-- ENTRIES SHOWN --
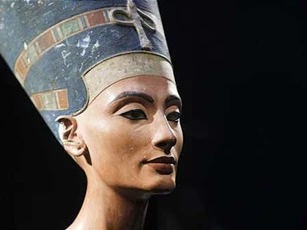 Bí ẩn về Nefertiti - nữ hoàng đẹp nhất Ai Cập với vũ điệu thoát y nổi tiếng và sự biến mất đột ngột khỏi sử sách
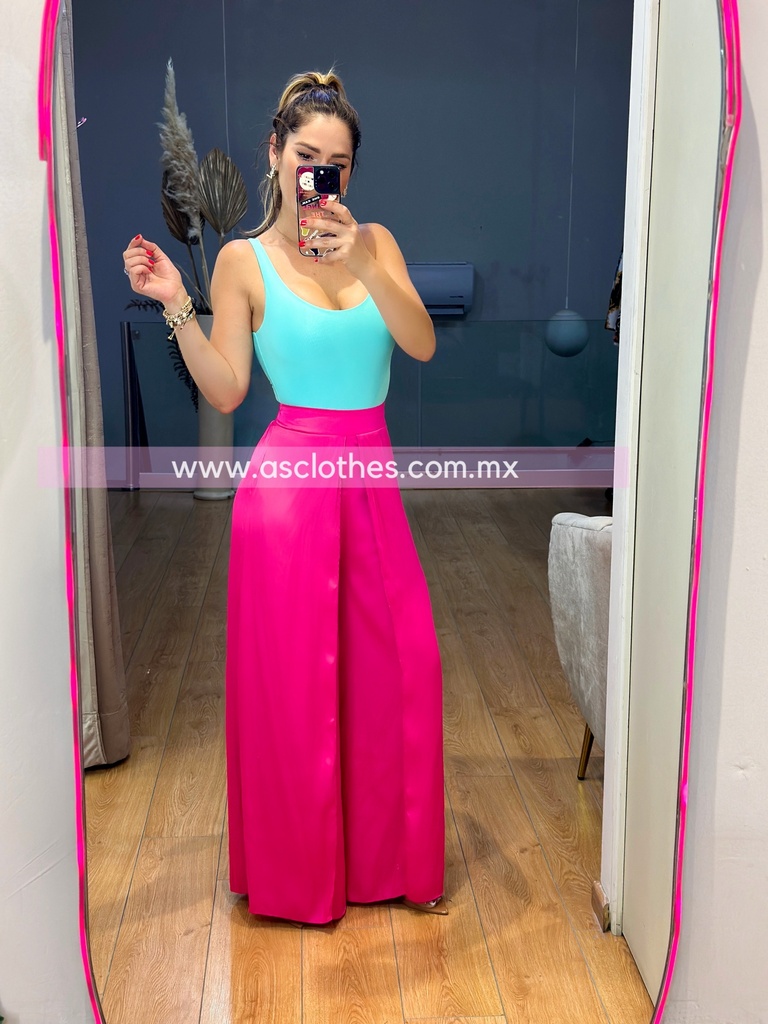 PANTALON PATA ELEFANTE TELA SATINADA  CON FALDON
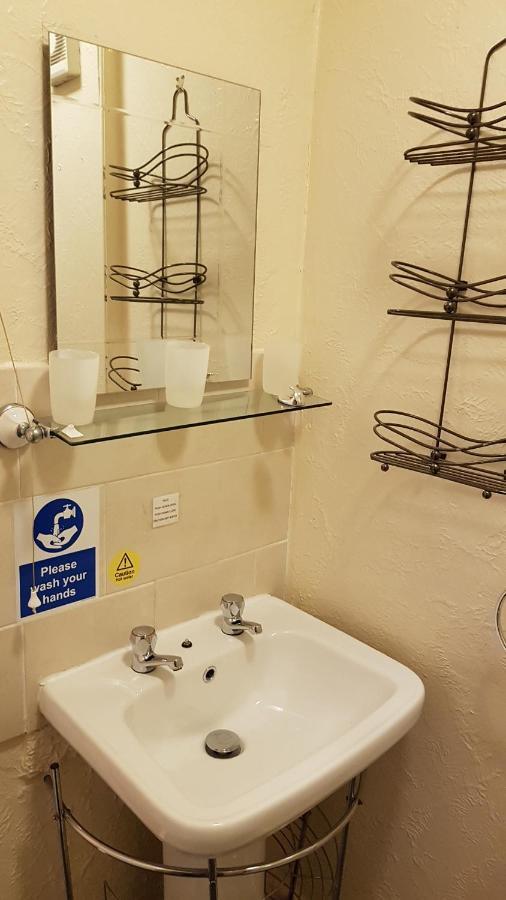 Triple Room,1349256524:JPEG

==

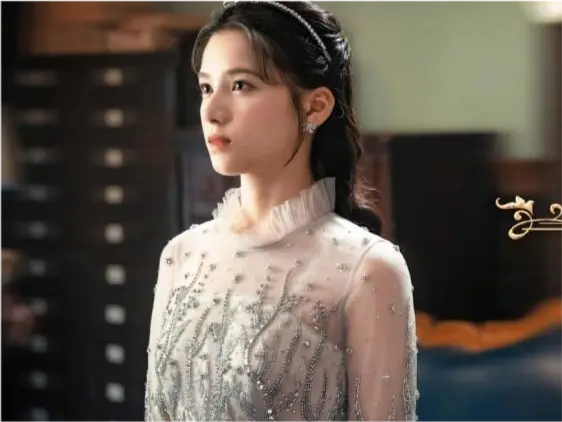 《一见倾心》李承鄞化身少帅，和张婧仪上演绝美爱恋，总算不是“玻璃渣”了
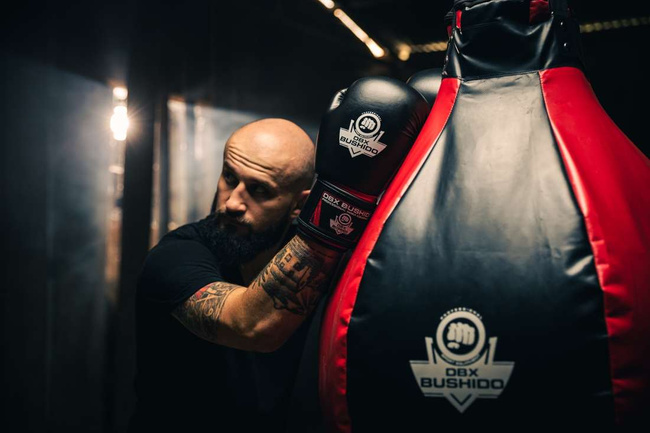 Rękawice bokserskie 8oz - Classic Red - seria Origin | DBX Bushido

...

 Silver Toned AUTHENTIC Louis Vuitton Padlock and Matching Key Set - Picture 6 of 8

-- WORK TO COMPLETE --
Working from the data above, repeat exactly, and only, the lines that begin at the line containing "Bí ẩn về Nefertiti" and stop after the line containing "Triple Room,1349256524:JPEG"; pictures are not copied.

-- RESPONSE AREA --
 Bí ẩn về Nefertiti - nữ hoàng đẹp nhất Ai Cập với vũ điệu thoát y nổi tiếng và sự biến mất đột ngột khỏi sử sách
 PANTALON PATA ELEFANTE TELA SATINADA  CON FALDON
 Triple Room,1349256524:JPEG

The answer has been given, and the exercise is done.